El jueves pasado fui al centro a las tres de la tarde y, por primera vez desde hace años, pude aparcar en la plaza del Polvorista. No había un alma. Tan sumida iba en mis historias, tan deseosa de llegar cuanto antes a casa y comer, que empecé a cruzar en dirección a correos como si no hubiera salido de la zona peatonal. Entonces, justo en el centro de la calle me topé de bruces con una sonrisa a cara descubierta y no supe qué hacer con ella. Un señor en una motillo, con un casco que le dejaba libre el rostro, sin mascarilla, se había parado sin que yo lo oyera ni lo viera y me sonreía para cederme el paso. Le vi la cara completa. No pitó enfadado para advertirme, no esgrimió su derecho a pasar primero. Se paró, sonrió y me invitó a que cruzara sin merecerlo. Me aturullé tanto que me detuve en seco y dejé que pasara él.

Habitualmente me muevo en un entorno amable. En el trabajo nos saludamos por los pasillos; en clase no estoy cómoda hasta que no relajo el ambiente, intento buscar vidilla asomada a los ojos por encima de las mascarillas. Pero la calle y, sobre todo el tráfico, es otra cosa. Lo habitual es no ceder el paso, ocupar cualquier resquicio de duda para ganar un puesto en la rotonda, disputar quién llegó antes al aparcamiento. Con la bici es mucho peor, molesta a todos. En carretera te pitan, les gustaría que no estuvieras ahí ralentizando el tráfico. Un día una señora se paró en una calle ancha de Valdelagrana, de único sentido y sin salida, un domingo por la mañana para gritarme que me fuera al carril bici. A los peatones, los ciclistas no les caemos mejor. Invaden el carril por descuido o a posta y rara vez el usurpador se disculpa.
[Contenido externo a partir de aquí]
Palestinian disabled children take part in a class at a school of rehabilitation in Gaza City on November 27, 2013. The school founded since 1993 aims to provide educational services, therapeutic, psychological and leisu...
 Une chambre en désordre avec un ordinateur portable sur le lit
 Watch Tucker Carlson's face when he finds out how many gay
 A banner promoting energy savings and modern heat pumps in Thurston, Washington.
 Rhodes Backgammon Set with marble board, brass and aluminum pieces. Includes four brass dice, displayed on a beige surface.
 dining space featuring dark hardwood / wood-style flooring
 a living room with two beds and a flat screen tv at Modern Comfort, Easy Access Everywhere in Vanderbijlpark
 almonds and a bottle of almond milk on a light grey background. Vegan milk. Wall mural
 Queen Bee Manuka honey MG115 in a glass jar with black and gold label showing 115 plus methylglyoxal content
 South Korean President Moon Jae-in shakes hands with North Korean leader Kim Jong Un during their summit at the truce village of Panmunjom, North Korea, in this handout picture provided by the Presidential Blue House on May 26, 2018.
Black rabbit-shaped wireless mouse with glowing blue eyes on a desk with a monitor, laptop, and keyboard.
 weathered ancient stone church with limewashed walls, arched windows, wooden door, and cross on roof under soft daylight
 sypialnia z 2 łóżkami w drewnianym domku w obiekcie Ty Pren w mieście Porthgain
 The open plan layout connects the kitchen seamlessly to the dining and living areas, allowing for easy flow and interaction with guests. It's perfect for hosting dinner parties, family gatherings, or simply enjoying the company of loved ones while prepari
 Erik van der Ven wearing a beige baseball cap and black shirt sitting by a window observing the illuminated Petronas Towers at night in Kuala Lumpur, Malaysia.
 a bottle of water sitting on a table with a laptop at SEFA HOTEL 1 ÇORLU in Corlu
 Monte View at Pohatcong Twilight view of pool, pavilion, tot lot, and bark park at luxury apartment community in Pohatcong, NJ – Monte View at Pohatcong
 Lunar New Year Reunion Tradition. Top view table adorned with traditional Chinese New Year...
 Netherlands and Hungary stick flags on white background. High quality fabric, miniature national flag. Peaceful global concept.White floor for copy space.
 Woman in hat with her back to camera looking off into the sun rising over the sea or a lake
Una vez, en medio de la subida a la pasarela del río, otra señora que iba en columna de a cuatro se afianzó sobre el carril bici que ocupaba al grito de “¡tó va a ser pa las bicis ahora, joé!”.

Por eso y quizás porque todos tenemos más blandito el corazón en estas soledades pandémicas de bocas tapadas y bastante irritabilidad, les cuento que el otro día me topé en la calle de frente con una sonrisa a cara descubierta que me cedía el paso y, de los nervios, no supe qué hacer con ella.